Imagine if companies had the option of offsetting their own carbon footprint with credits to help local farms in shifting to more sustainable land-use practices? This would represent a clear, transparent, and traceable alternative to throwing dollars at murky offset organizations with unclear benefits.
Finally, as consumers, we’re so often targeted as climate culprits — our insatiable appetite for everything from almonds to avocados is a mounting source of concern. But what if it didn’t have to be that way? What if the process of growing — and buying — the foods we love could actually help the planet?
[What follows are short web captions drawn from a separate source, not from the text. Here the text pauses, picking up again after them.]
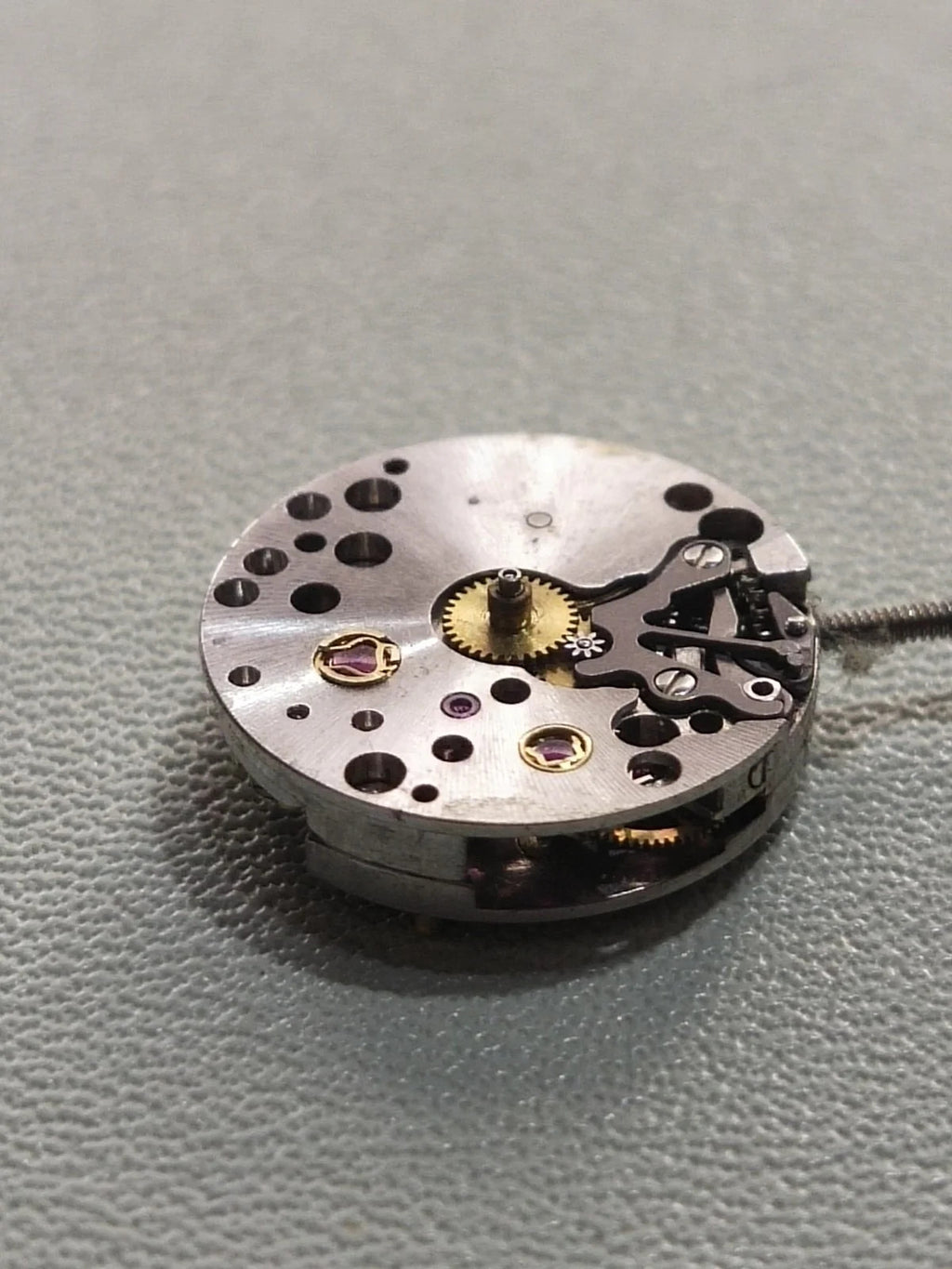 Rolex movement Cal 1400 With Malachite Dial /hands/ gold crown/ Full work /used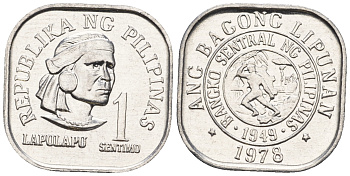 Филиппины 1 сентимо 1978 вождь острова Мактан Лапу-Лапу KM 205 алюминий  UNC  220-1117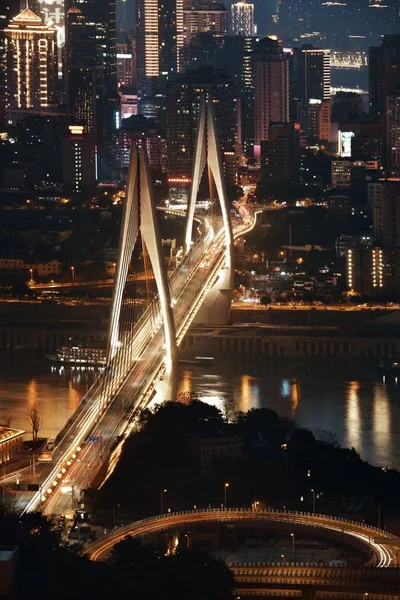 Chongqing köprü gece — Stok fotoğraf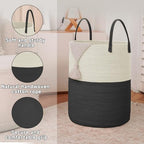 JMvicyroam 60L Cotton Rope Laundry Basket Hamper, White and Black - Image 6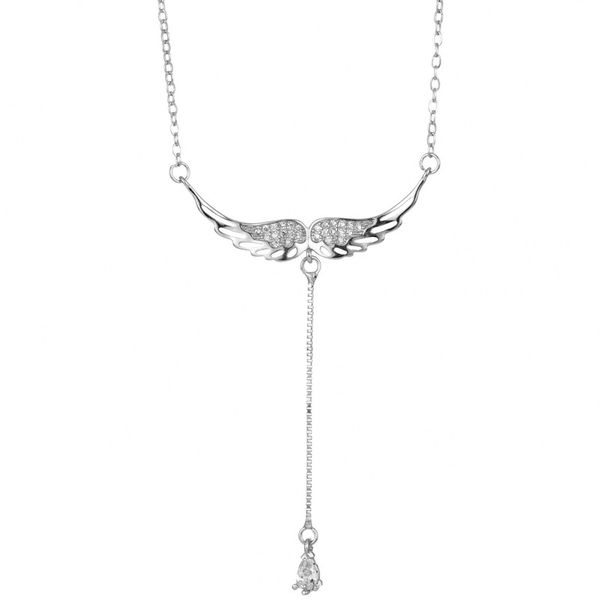 korean women fashion jewelry crystal angel wings pendant necklace tassel feather choker necklaces female simple clavicle chain, Silver
korean women fashion jewelry crystal angel wings pendant necklace tassel feather choker necklaces female simple clavicle chain, Silver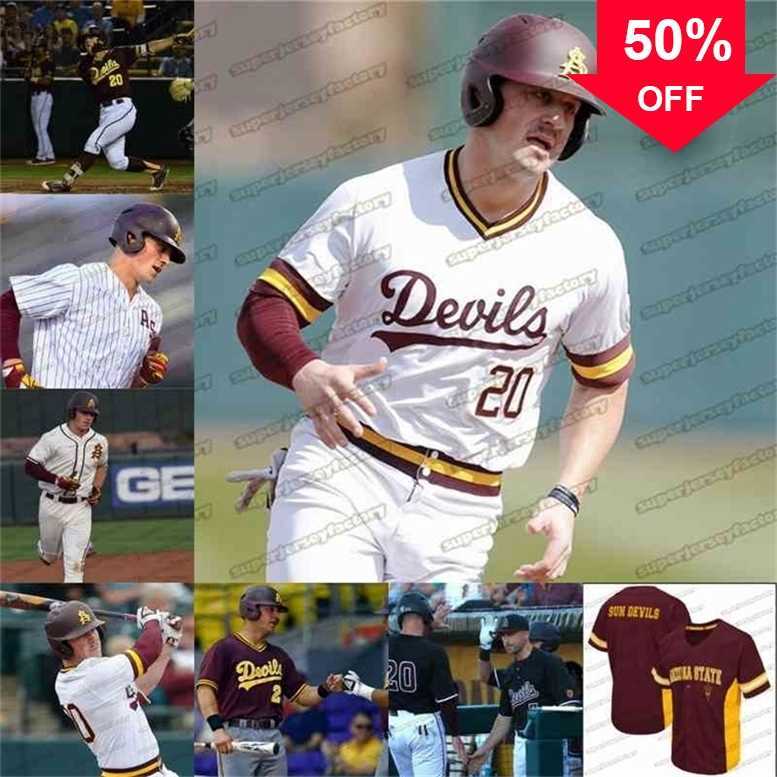 

Xflsp GlaA3740 Custom Arizona State Sun Devils NCAA College Baseball 6 Drew Swift Spencer Torkelson Marc Lidd Trevor Hauver Hunter Jump Sewn Jerseys, White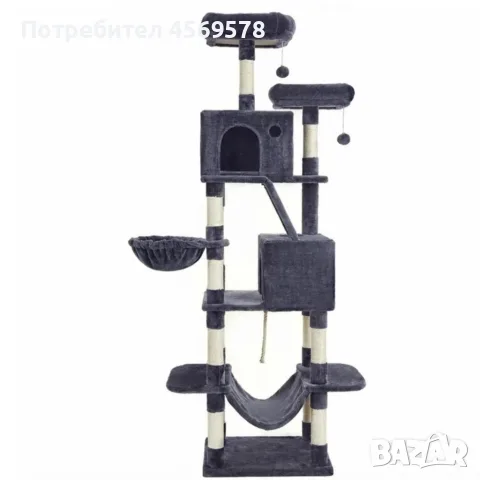 🐱 Драскалка за котки Dark Gray 206 см – XXL катерушка с къщички, хамаци и платформи!🐈🐈‍⬛, снимка 10 - За котки - 55348749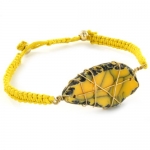 Wire Wrapped and Yellow Colored Slice Gemstone Tie Bracelet (FREE Jewelry Box Included)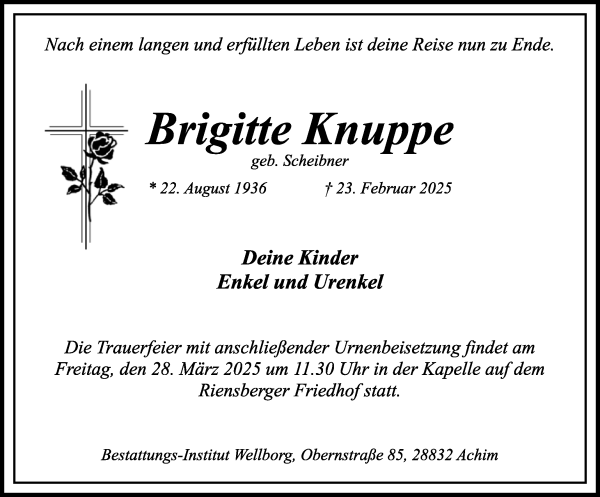 Traueranzeige von Brigitte Knuppe von WESER-KURIER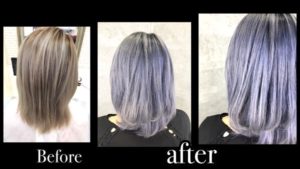 大阪でブルーシルバーのホワイトカラーがお洒落！【なおさん】の髪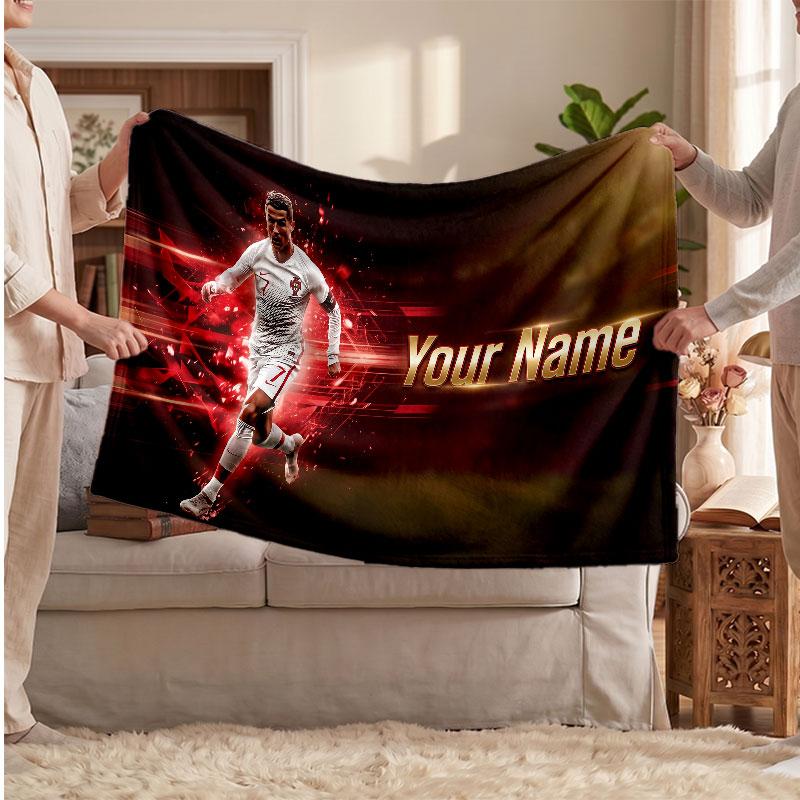 Personalisierte Fleece-Decke Cristiano Ronaldo mit Fußball-Logo, Individueller Name Text Weich Warm Home Überwurfdecke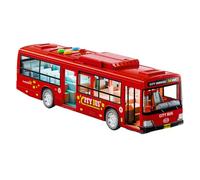Bus Model Toy - Large City Stagecoach Bus, Battery-Operated Educational Play Vehicle with Music and Light, Openable Doors Interactive Design | Holiday Party Birthday Gift Home Playroom Classroom Fun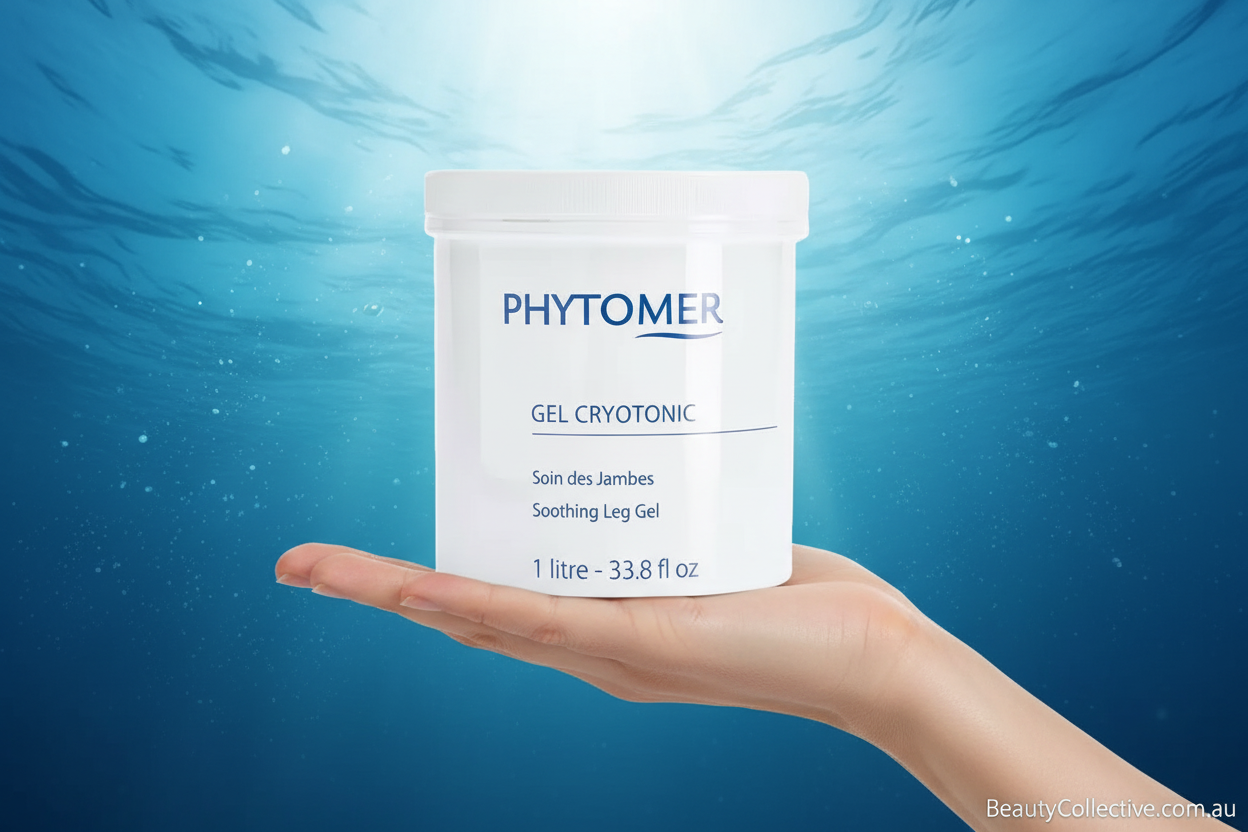 Phytomer Gel Crytonic container held in a hand with a blue underwater background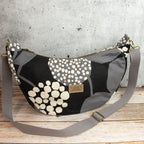 Meluna XL Schultertasche aus echino Heavy Canvas Crop in Schwarz/Grau – Handgemachte Crossbody Bag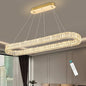 HAIXIANG Modern Crystal Chandelier Dimmable LED Long Chandeliers for Dining Table Pendant Lights Rectangular Glam Lighting Fixtures for Dining Room Kitchen Island Gold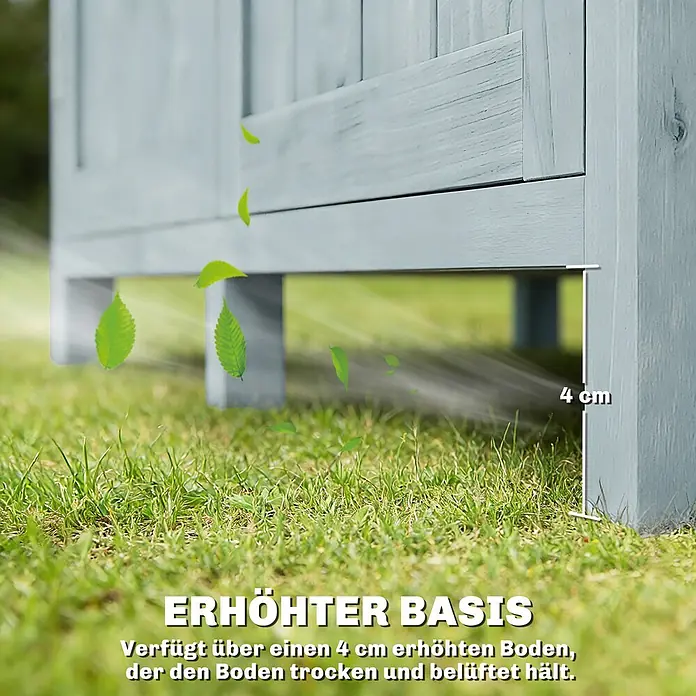 Outsunny Gartenschrank Grau 85L x 54B x 170H cm -  - Heller, grauer Holzschuppen mit 4 cm erhöhtem Boden zur Belüftung, auf Gras.
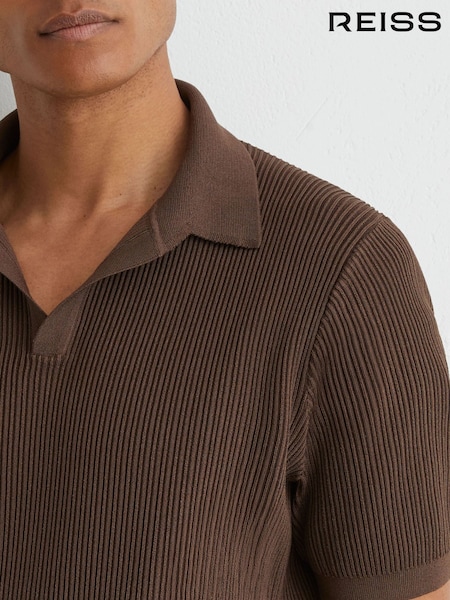 Chocolate Brown - Regular Reiss Sailor Rib-knit Open-collar Polo Shirt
This is much like what I call the Tesla principle. The auto industry is now producing eco-friendly electric vehicles just as fun to drive as their gas-guzzling forbearers. So, too, can agriculture pivot to a lower impact future that doesn’t rely on depriving consumers. In fact, this is the only way forward.
Of course, realizing agriculture’s potential as a true climate ally comes down to educating all stakeholders in order to build the capacity — and the demand — necessary to make change achievable. Yes, the problem of climate change is very real, and the global impact is increasingly plain to see. Yet, while raising the alarm, we mustn’t overlook the importance of championing proactive solutions.
The very soil under our feet can be our greatest climate asset if we can educate, incentivize and mobilize action on farms to enable more carbon-negative, sustainable and regenerative practices. By doing this, we can help revitalize the agricultural economy, improve the lives and livelihoods of farmers, and sow a healthier future for our planet and its people with healthier fields and food.